CIMB said earlier this month that it had entered into exclusive talks with RBS
to acquire some of its Asia-Pacific cash equities and investment banking
businesses.
“The main
idea behind the acquisition is for CIMB to secure a presence beyond ASEAN,”
said Chris Eng, head of research at Malaysian broker OSK. “The main markets
that will benefit them from RBS are places they don’t have, such as Hong Kong,
Australia and Northeast Asia.”
An RBS
spokeswoman said 70 employees would be impacted by the closure of the units and
that it would work closely with CIMB to conclude the deal for the other Asian
units.
“For
commercial reasons, we have agreed with CIMB that the cash equities, ECM and
corporate finance businesses in Korea and cash equities in Indonesia and
Singapore will not ultimately transfer as part of the sale,” RBS said. “We have
therefore made the decision to initiate steps to wind down these businesses
commencing today.”
A
significant chunk of RBS’ operations are in Hong Kong, Singapore, Australia and
India.
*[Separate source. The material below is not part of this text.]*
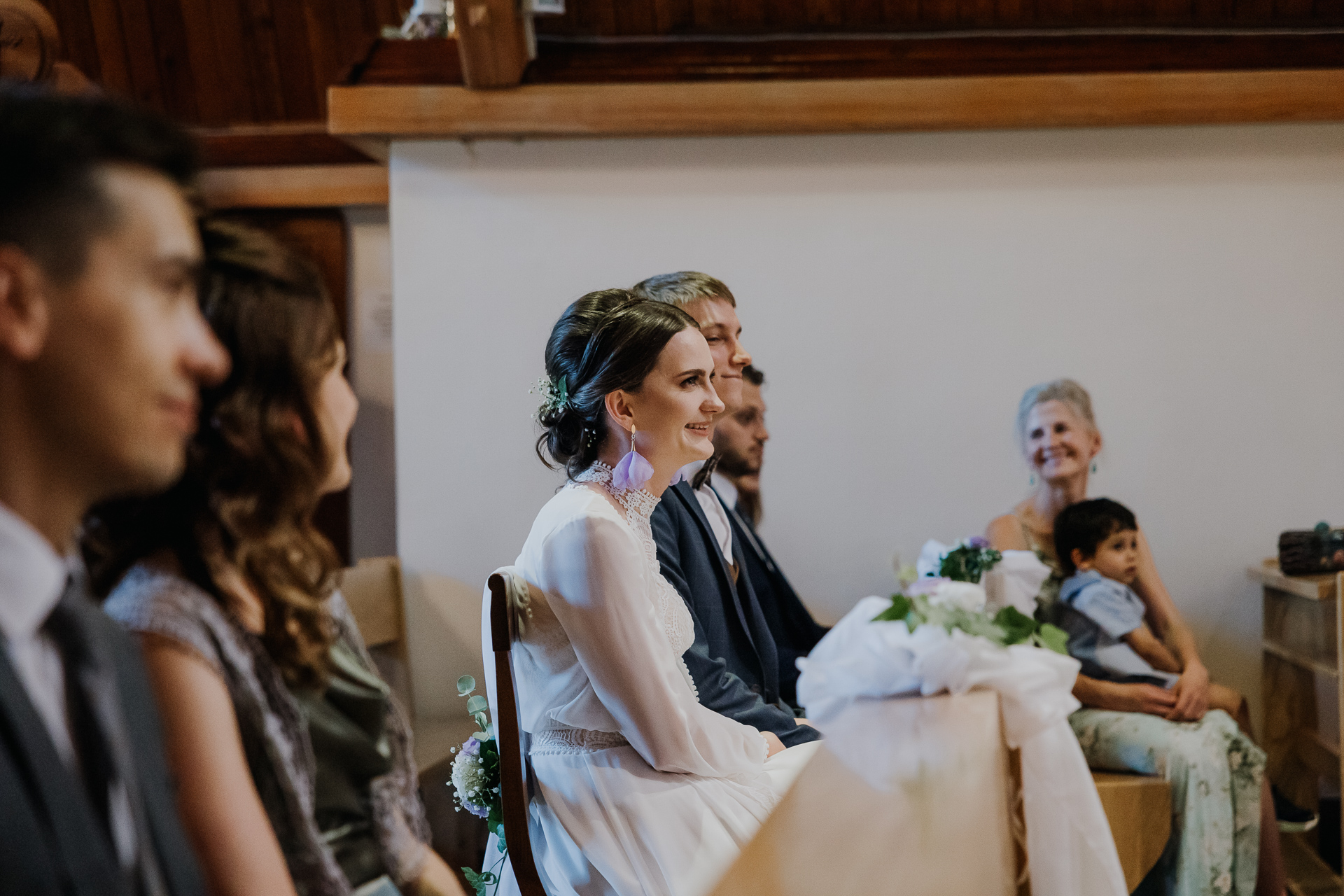 ślub w kościele w Jaroszówce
It has offices in 11 countries across the region, including China. North
Asia is a lucrative market for brokers as a recent study by Greenwich
Associates showed that of the Asian equity commissions paid by institutions to
brokers, approximately 42 percent originated with trades of Hong Kong and
Chinese stocks, compared with 41 percent recorded in 2010.
South Korea
is a distant second with a 14 percent share of Asian equity commission
payments, followed closely by India at 13 percent. Southeast Asia accounts for
a small portion of commissions although allocations have increased in 2011 from
2010, the report said. But it is unlikely to be easy sailing for CIMB in Hong Kong,
where Wall Street and European banks control a sizeable portion of the cash
equities and investment banking business. The deal with CIMB came after an
auction for the sale of Asian assets of RBS attracted interest from firms
including Bank of China and Japan’s Mizuho Financial Group.
RBS has
halved the size of its investment bank as part of a major retreat since its
2008 taxpayer bailout, and has been forced by the British government and lower
profitability across the industry to extend the retreat further. Earlier this
year, the bank had said it would exit its cash equities, corporate broking,
equity capital markets and mergers and acquisitions businesses globally.